OXFORDSHIRE'S beleaguered postal service is yet again failing to deliver after being named the fourth-worst in the country.

Just 80.6 per cent of first-class mail in the county was delivered the next day in the last financial year, against Royal Mail's national target of 93 per cent.

The league table, released yesterday, shows only south-west London, Colchester and Stoke-on-Trent mail delivery was worse.

Last night Royal Mail blamed the poor performance on the national and local industrial action last summer.

The figures are calculated from 88,500 sample letters, parcels and packets sent nationally every month to 6,000 addresses.

During the second quarter of 2007/8, in which postal workers went on strike, the amount of first-class mail delivered on time in the OX postcode dropped to just 67.7 per cent.

In the third quarter, that figure rose to 74.8 per cent and again to 92.1 per cent in the final quarter of the year.

Diana Gough, whose late husband Desmond was an Oxford postman for 42 years, said she believed the standard of service in the county was continuing to fall.

The 65-year-old, of Mill Street, Eynsham, said: "I am not surprised it is the fourth worst in the country. I think it is getting even worse, and the deliveries are coming later and later.

"It is now very rare to get post before 11am or noon, which is a bad service. They used to stamp the letters with when they were posted, but they do not do that now, so it is difficult to tell how long it is taking.

"I have seen no improvement recently whatsoever."

Richard Groves, who runs a mail-order silks firm from Merrivale Square, Oxford, said: "I would have to agree with that (Oxford's poor ranking).

"This month we had an occasion where we sent something by special delivery which was very important for us.

"It was supposed to be guaranteed to arrive the next day but it was held up in the Leeds office for two days without an explanation.
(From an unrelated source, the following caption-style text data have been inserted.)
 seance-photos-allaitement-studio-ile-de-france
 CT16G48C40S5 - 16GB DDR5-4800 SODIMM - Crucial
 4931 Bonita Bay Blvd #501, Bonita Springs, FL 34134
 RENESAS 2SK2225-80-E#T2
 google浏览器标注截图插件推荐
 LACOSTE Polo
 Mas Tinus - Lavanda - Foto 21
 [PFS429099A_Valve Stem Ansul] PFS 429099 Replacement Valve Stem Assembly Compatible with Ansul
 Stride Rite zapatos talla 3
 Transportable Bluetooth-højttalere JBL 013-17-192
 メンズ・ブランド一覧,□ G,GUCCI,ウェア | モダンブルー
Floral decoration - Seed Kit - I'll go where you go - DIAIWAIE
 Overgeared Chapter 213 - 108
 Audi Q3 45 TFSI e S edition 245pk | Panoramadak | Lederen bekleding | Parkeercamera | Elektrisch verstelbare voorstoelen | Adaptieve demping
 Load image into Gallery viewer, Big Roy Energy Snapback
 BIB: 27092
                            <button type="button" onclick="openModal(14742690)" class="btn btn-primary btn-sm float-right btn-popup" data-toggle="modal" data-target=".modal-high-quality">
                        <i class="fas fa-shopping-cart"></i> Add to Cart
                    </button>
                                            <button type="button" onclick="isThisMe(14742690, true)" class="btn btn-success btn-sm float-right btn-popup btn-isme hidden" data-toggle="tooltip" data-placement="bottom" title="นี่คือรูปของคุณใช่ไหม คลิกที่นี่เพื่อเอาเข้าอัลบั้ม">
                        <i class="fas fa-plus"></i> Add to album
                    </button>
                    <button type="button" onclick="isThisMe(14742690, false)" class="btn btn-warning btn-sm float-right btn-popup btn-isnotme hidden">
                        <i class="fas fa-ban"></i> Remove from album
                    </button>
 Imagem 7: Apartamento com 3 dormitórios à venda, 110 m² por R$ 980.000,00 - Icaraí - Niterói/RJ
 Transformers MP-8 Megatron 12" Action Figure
"Our customer missed a mail order to Italy, so it screwed things up all down the line.

"We spend a lot of money with the Post Office and we are a little bit trapped."

Najma Hafeez, chairman of the Midlands branch of consumer watchdog Postwatch, said: "Royal Mail's recovery was severely blown off course by last summer's strikes.

"The figures confirm that customers received poor levels of service. Furthermore, the fourth-quarter results show that Royal Mail's recovery from the industrial action was in some respects disappointingly slow."

Royal Mail spokeswoman Jane Thomas said: "The national industrial action last year, combined with an unofficial dispute in Oxford, damaged services for postal customers in the area.

"However, the 2007-08 report also shows that the performance for first-class mail in Oxford had recovered to 92.1 per cent of mail delivered next day by March 2008."